No, it's exactly the same thing. We made a treaty with the EU, and it's power enters our legal system on exactly the same basis as other international law. That this is true is obvious from the simple fact we're having a referendum on staying in the EU. Our parliament reserves the right to reverse prior treaty. Doing so does, of course, have consequence.
That's not right. There's a mechanism that allows us to leave (Article 50) and if we do that we can repeal the European Community Act 1972, which established the concept of EU law being supreme. Section 3(1) for example says that decisions of the ECJ overrule UK precedents. Unless we leave, the EU will continue to be the supreme legislative power.

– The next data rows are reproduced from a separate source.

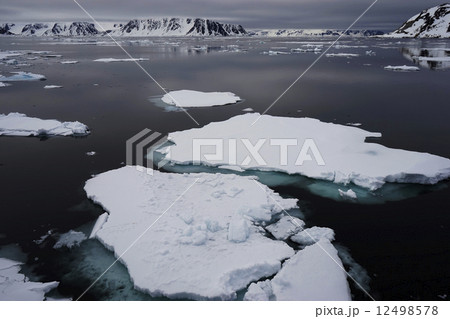 北極の風景 北極の風景 12498578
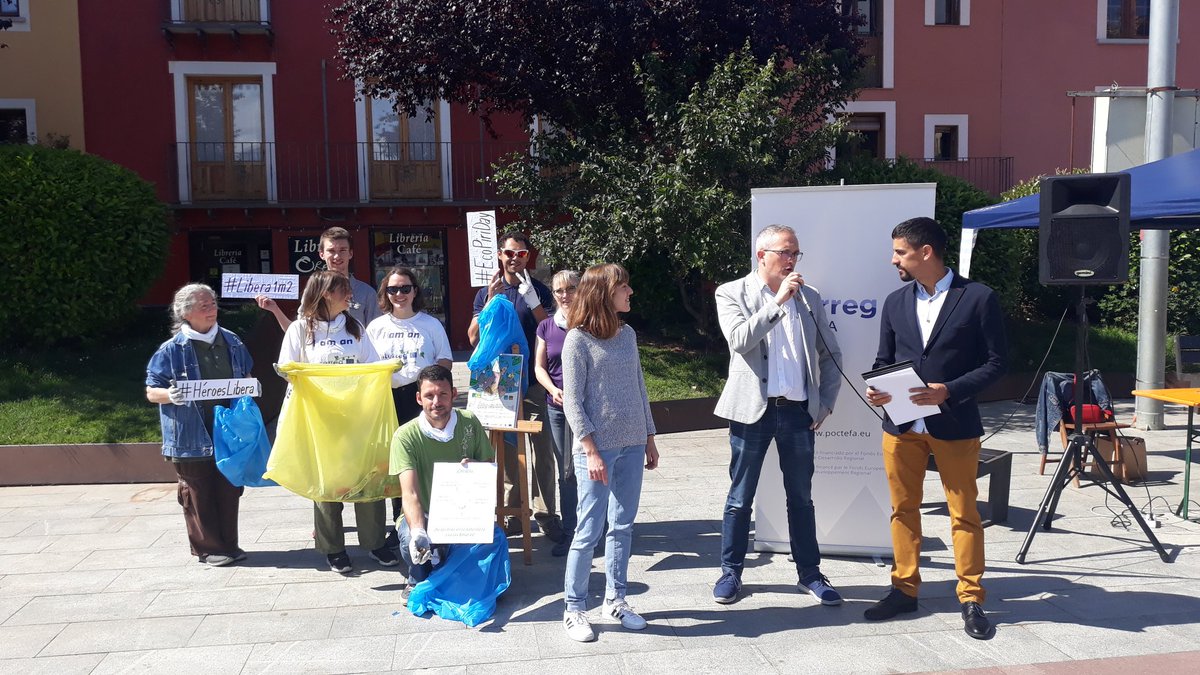 InterregPOCTEFA's tweet photo. Gracias a los #héroeslibera y #heroínaslibera por la ayuda de recogida de #Basuraleza y también al #alcalde de #jaca por su intervención 💪🌍 #LIBERA1M2 https://t.co/YXko2vVoMq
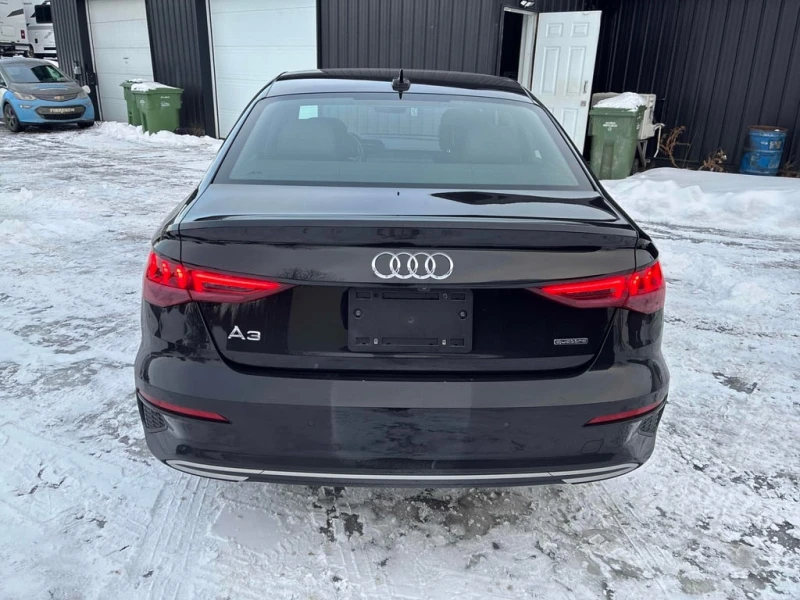 Audi A3 * Komfort * CARFAX * БЕЗ ПЪРВОНАЧАЛНА ВНОСКА, снимка 4 - Автомобили и джипове - 53182694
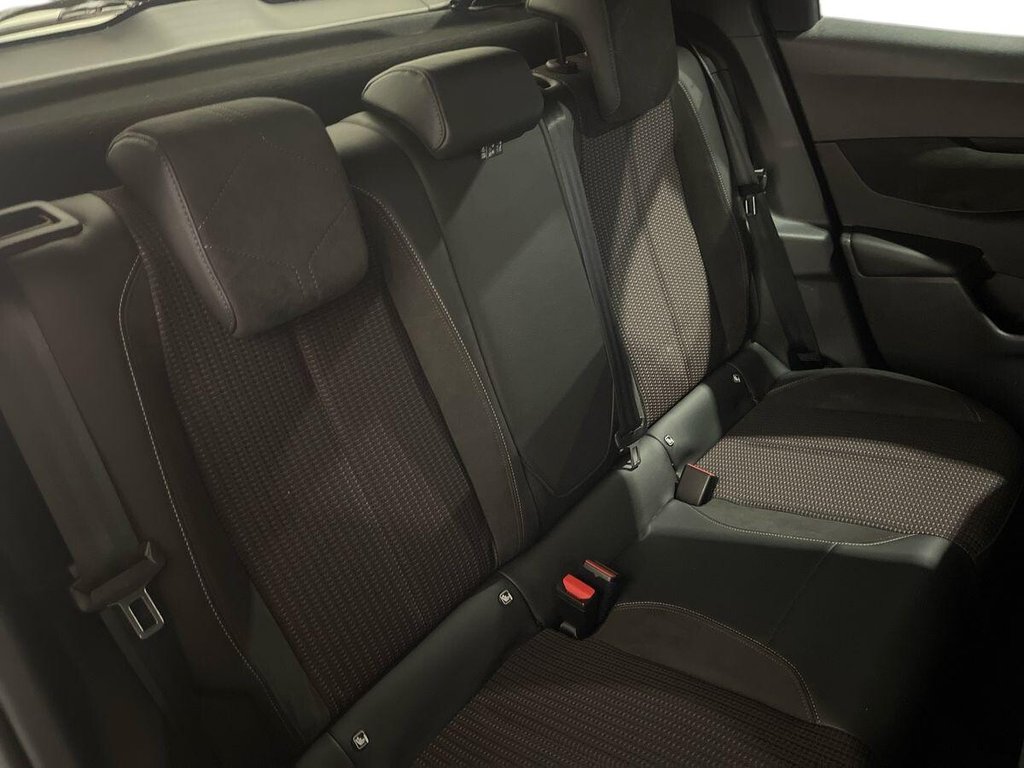 Used DS Automobiles DS 3 Crossback 2021 for sale - 76798057: Photo 21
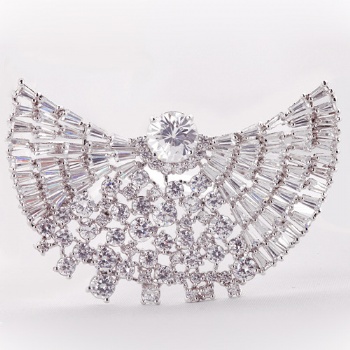 Cubic Zircon Brooch BR054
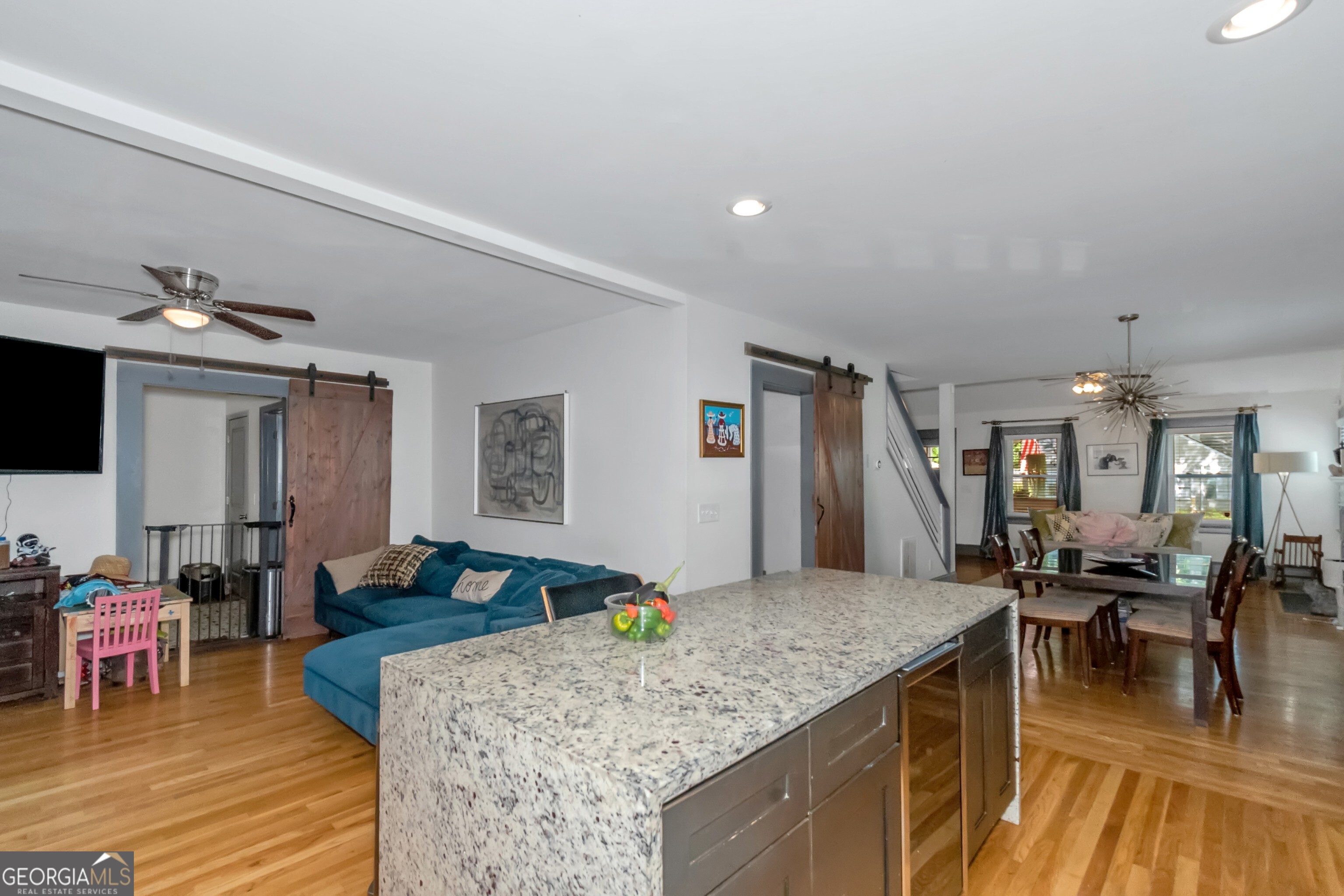 Atlanta, Georgia 30311, United States, 5 Bedrooms Bedrooms, ,4 BathroomsBathrooms,Residential,Active,40254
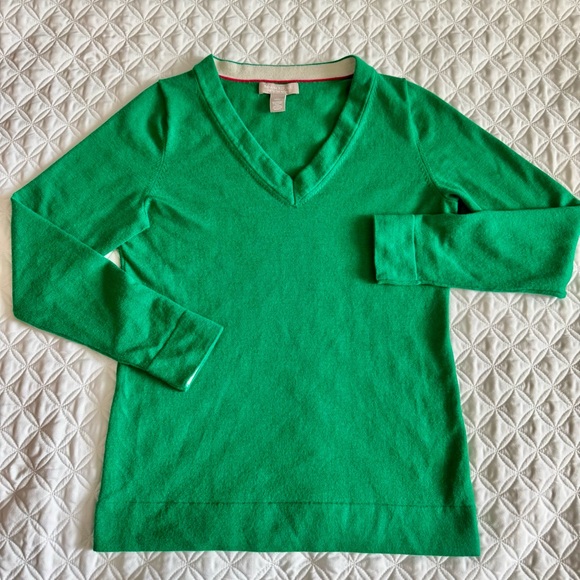 Banana Republic Sweaters - Banana Republic Extra Fine Merino Wool V-Neck Pullover Sweater - Jade Green - M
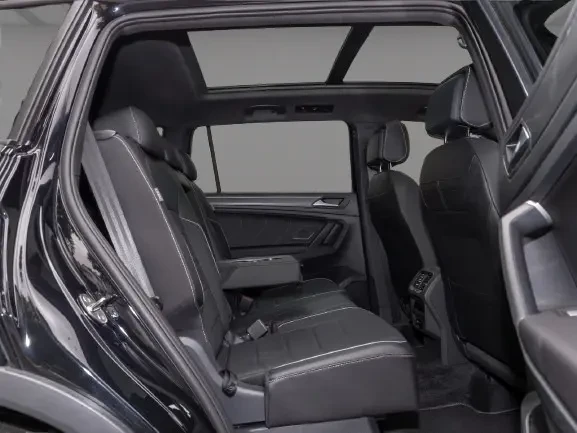 VW Tiguan Allspace 2.0 TDI 4Motion = R-line = 7 Seats Гаранция, снимка 12 - Автомобили и джипове - 55035807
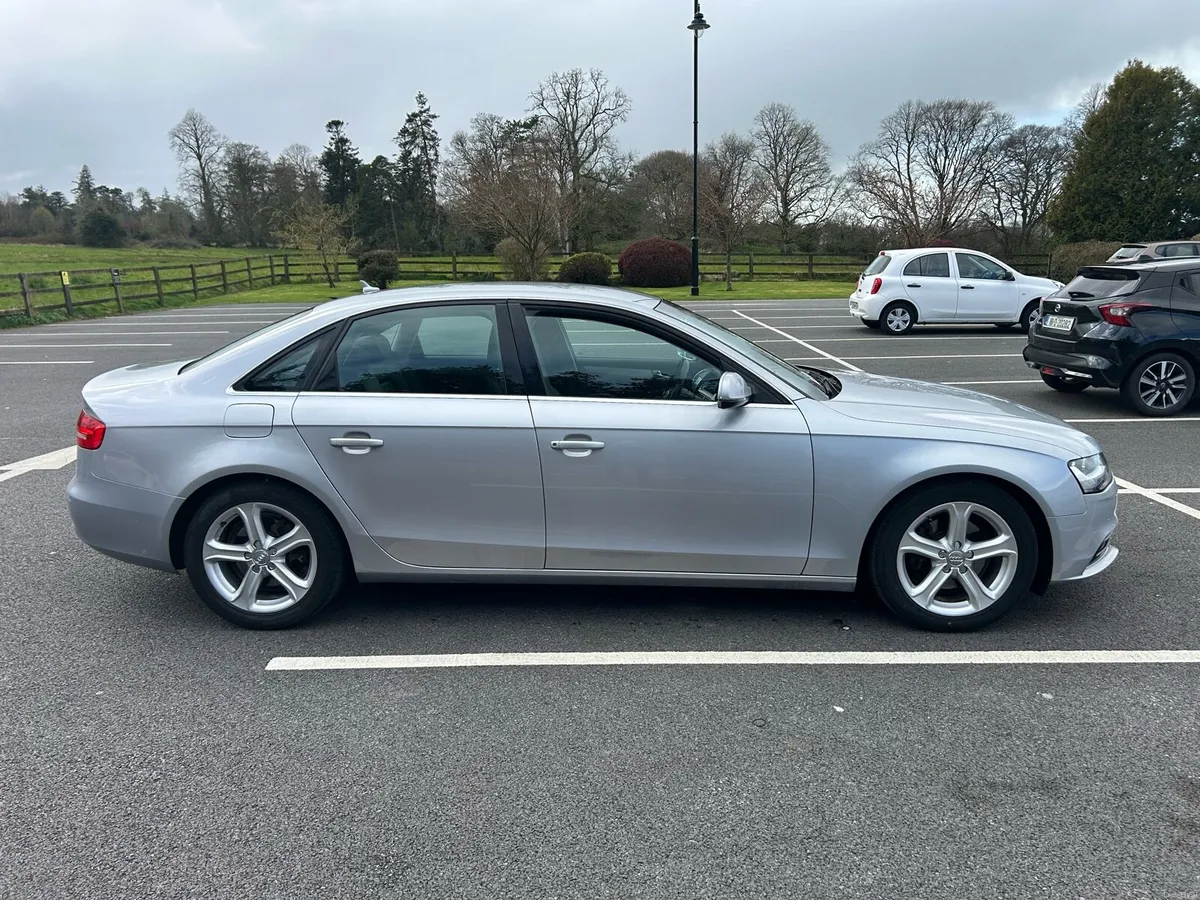 Audi A4 2.0 TDI SE TECHNIK 2015 - Image 1
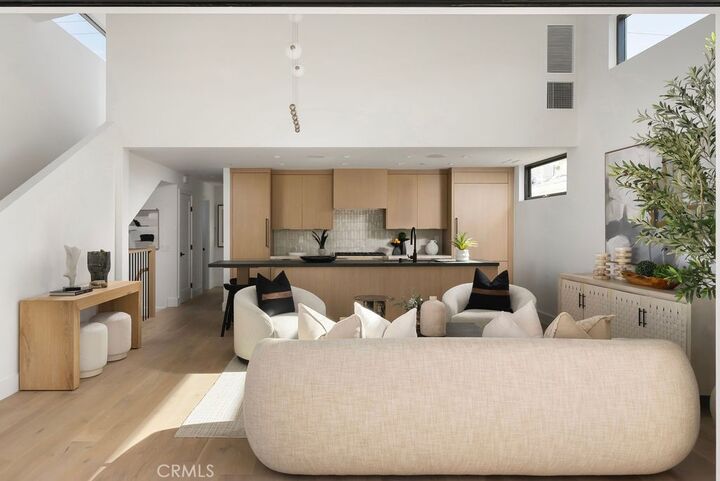 Property Photo:  512 1/2 Marigold Avenue  CA 92625 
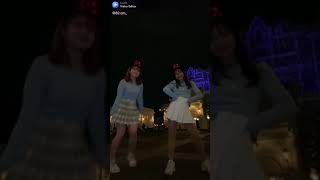 右の子が気にしなさすぎwww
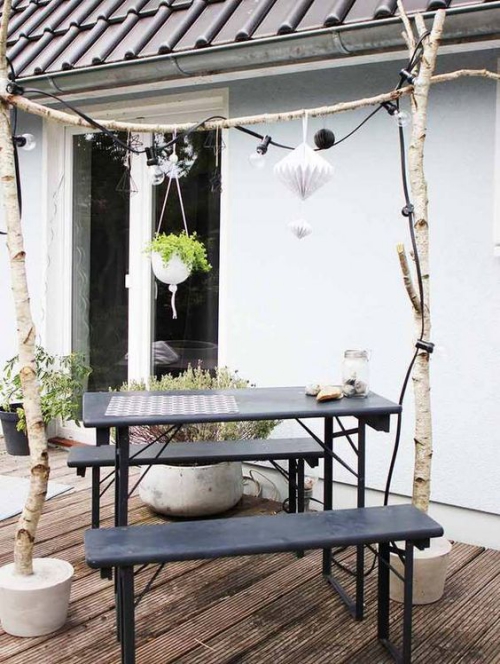 décorer le jardin avec objets de récupération table et bancs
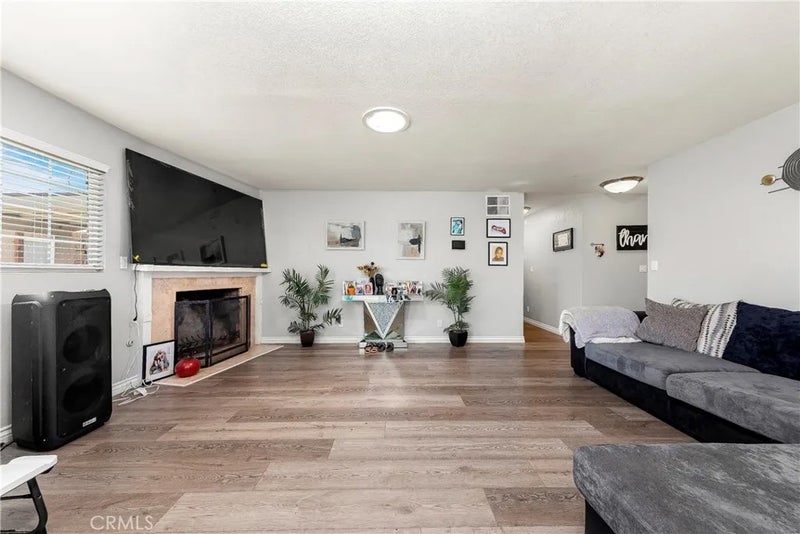 45046 18th West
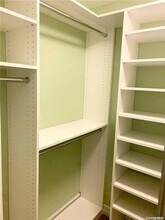 1 W Owen St in Westbury, NY - Building Photo - Building Photo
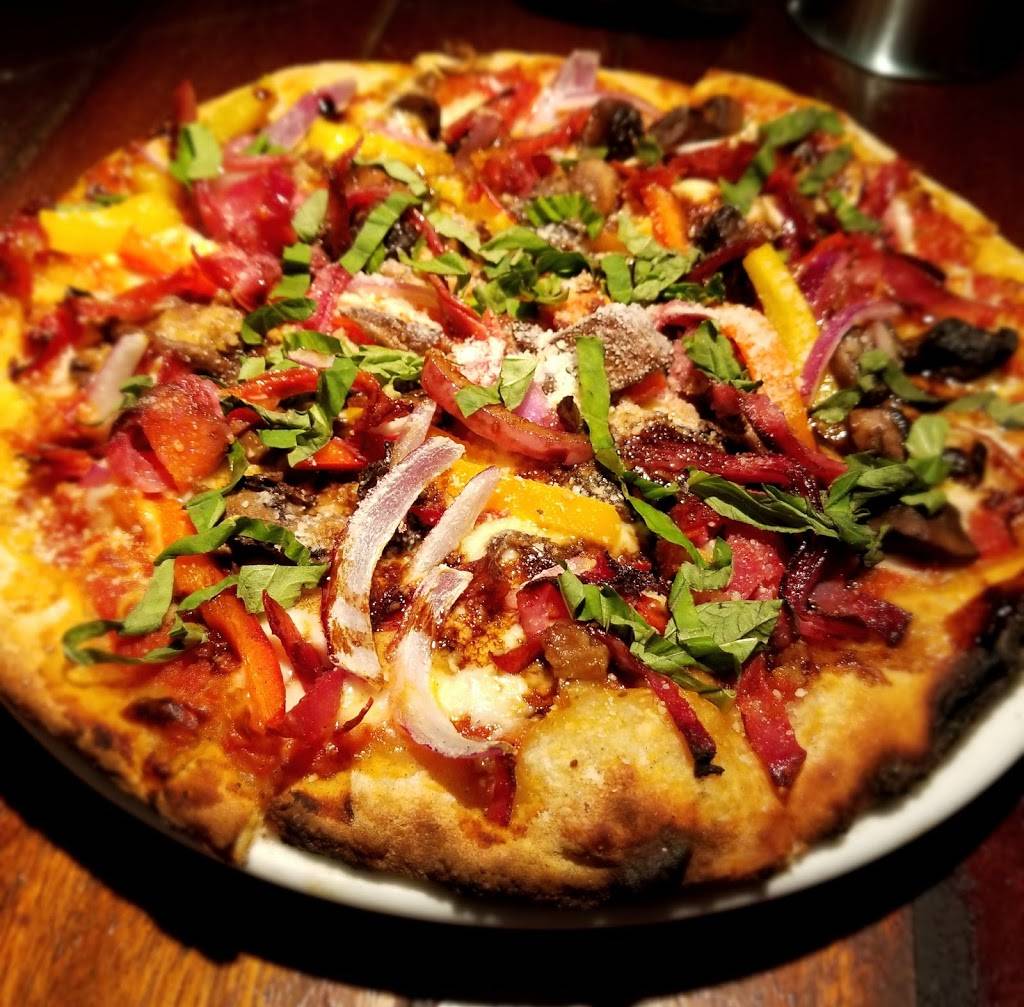 Wood Fire Trattoria | restaurant | 134 S Front St, Dowagiac, MI 49047, USA | 2697820007 OR +1 269-782-0007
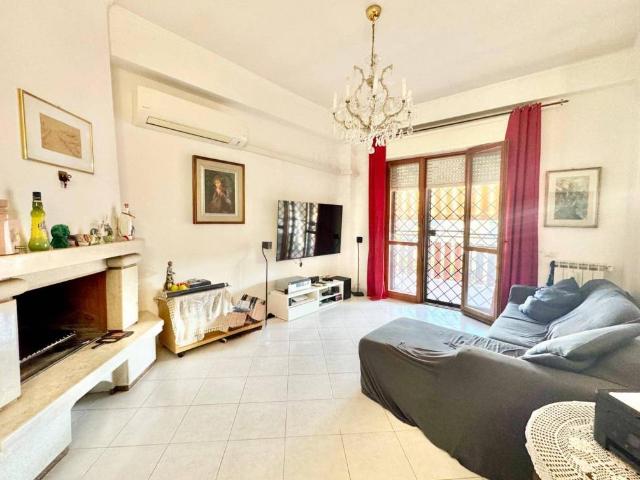 Appartamento in vendita a Roma RM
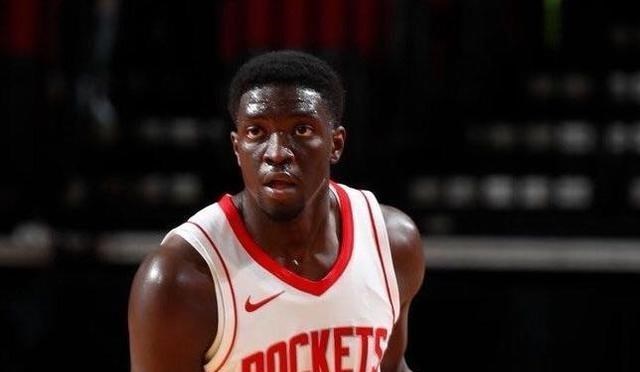 交易 火箭在下一盘大棋？16+5猛将直接被裁，1换2交易再获筹码！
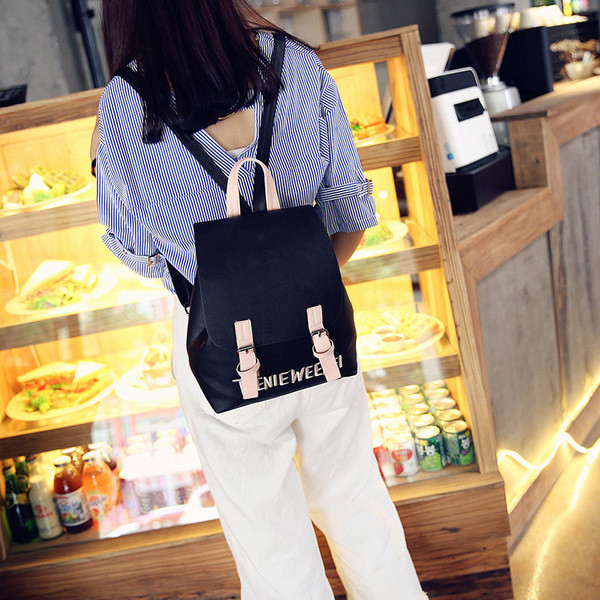 Un rucsac mic de damă cu o inscripție în patru culori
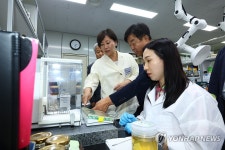 송미령 장관, 양봉산물 가공공장 방문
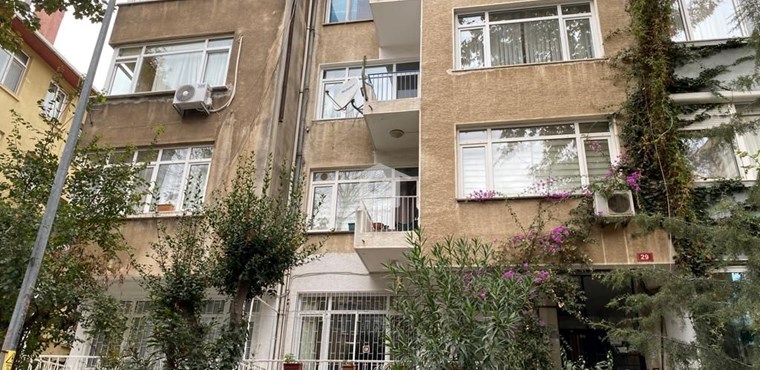Suadiye, Şemsettin Günaltay Caddesi / Kurudere Sokak Ters Dubleks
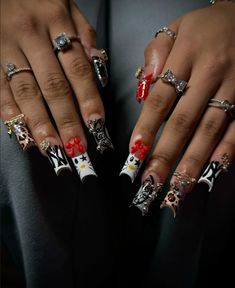 Latto Aesthetic Nails, Bday Nail Set, Black And White Acrylic Nails Designs, Freestyle Nail Designs, Piercing Nails, My Core Aesthetic, Louis Vuitton Nails, Fye Nails, Money Nails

No, it's chosen by our democratically elected government. Just as our representatives in other international negotiations are chosen by our government. The number of people who are directly elected in the UK is tiny compared to the number of people who serve in our government. Democracy is achieved not directly but by accountability to the elected positions.
So you're saying the UK government choosing two individuals out of the entirety of the EU bureaucracy means.......the EU is therefore democratic and accountable? Come on, that's a tenuous link. The commission initiatives all the law and is unelected, unaccountable and frankly, most people have never heard of any of them. We're letting a body which is wholly undemocratic create laws that are supreme to our own.
The UK Government picking a representative for itself in negotiations is very different to how the EU is run as above.
The EU is much bigger than the UK. I don't expect us to have an unreasonable level of say in its running anymore than I expect Leicester South to dictate policy to the UK.
The question is how big should Government get? Are you accepting that remain means we continue to move toward further integration and power continues to move away from the UK? If so then how far should it go? It seems the current 28 countries and 500m people isn't enough, so 5 more are on the candidate list. How many more will be added in the next 40+ years?
If the EU was a genuinely progressive, democratic, representative institution then the above might be OK. But it isn't, it works in favour of corporate interests, removes democracy and centralises power in the hands of an unelected few.
It all comes back to the old saying -
the further power is away from you the less able you are to influence it.
I keep making the point because you never address it. How does being bound by rules we no longer have any say over increase our sovereignty? Or are you arguing that it does reduce our sovereignty but that we make more back elsewhere?
Being in the EU means they have power/sovereignty over more areas of our laws than if we're outside the EU. It's as simple as that. You keep banging on about influence, but the EU means we have
less influence over our own lives, for example:
The EU trade deal with Australia is being held up because some Italian tomato-growers are challenging it. The EU trade deal with Canada is being held up due to an unrelated dispute about Romanian visas. We cannot influence these things because they're outside of our control, but if we left we could, and we could negotiate deals in our best interest.
And again, if it's such a bad deal then why are the Norwegians and Swiss happy with what they've got?
I find the idea that the UK has no influence silly, so I feel little need to address it.
Fine, but being unable to prove it doesn't help your case much, and won't sway those on the fence who can patently see we have little influence.